| Records to use |

******************************

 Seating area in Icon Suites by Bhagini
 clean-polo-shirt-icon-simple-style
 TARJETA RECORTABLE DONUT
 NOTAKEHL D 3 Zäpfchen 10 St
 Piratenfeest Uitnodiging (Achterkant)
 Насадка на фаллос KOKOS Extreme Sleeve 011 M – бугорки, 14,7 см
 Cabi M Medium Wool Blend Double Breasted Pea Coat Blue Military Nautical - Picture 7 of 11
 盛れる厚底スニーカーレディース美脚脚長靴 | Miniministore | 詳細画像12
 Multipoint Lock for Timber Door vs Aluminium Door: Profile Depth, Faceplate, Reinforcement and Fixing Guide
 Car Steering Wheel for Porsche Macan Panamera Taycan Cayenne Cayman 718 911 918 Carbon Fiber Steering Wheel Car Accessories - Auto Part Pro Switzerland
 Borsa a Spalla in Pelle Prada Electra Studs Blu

******************************

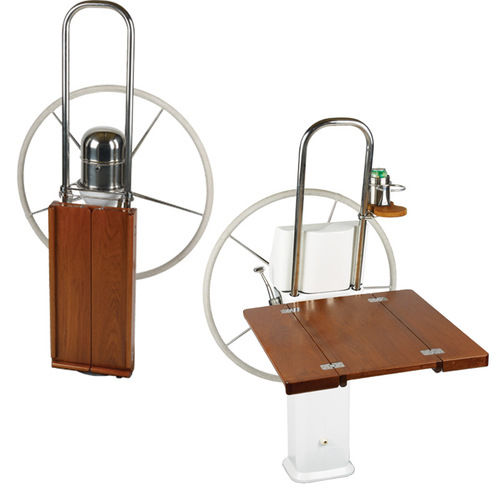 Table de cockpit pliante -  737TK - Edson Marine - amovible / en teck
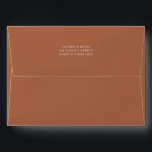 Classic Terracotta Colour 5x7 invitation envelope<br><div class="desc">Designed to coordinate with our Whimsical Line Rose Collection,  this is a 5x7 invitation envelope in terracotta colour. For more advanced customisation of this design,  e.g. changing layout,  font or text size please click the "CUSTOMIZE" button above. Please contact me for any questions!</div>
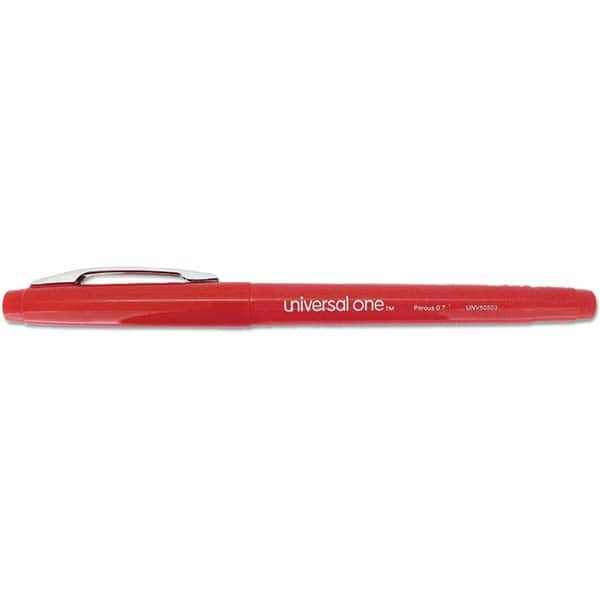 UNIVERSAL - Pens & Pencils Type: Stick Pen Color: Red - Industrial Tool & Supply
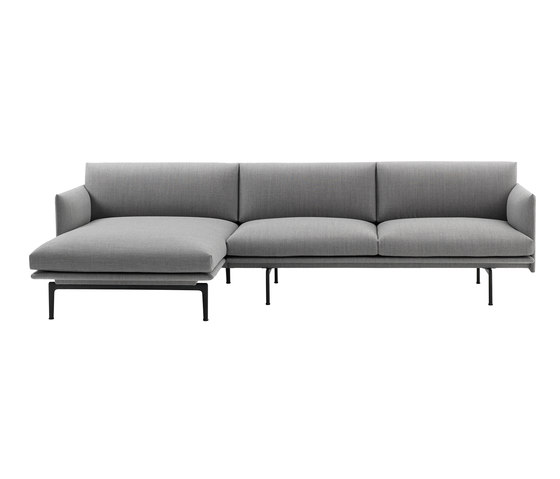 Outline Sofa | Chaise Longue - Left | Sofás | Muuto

******************************

| Directions for this task |
From the records above, transcribe without alteration every line from the one with "Cabi M Medium" to the one with "Car Steering Wheel", inclusive.

| Answer area |
 Cabi M Medium Wool Blend Double Breasted Pea Coat Blue Military Nautical - Picture 7 of 11
 盛れる厚底スニーカーレディース美脚脚長靴 | Miniministore | 詳細画像12
 Multipoint Lock for Timber Door vs Aluminium Door: Profile Depth, Faceplate, Reinforcement and Fixing Guide
 Car Steering Wheel for Porsche Macan Panamera Taycan Cayenne Cayman 718 911 918 Carbon Fiber Steering Wheel Car Accessories - Auto Part Pro Switzerland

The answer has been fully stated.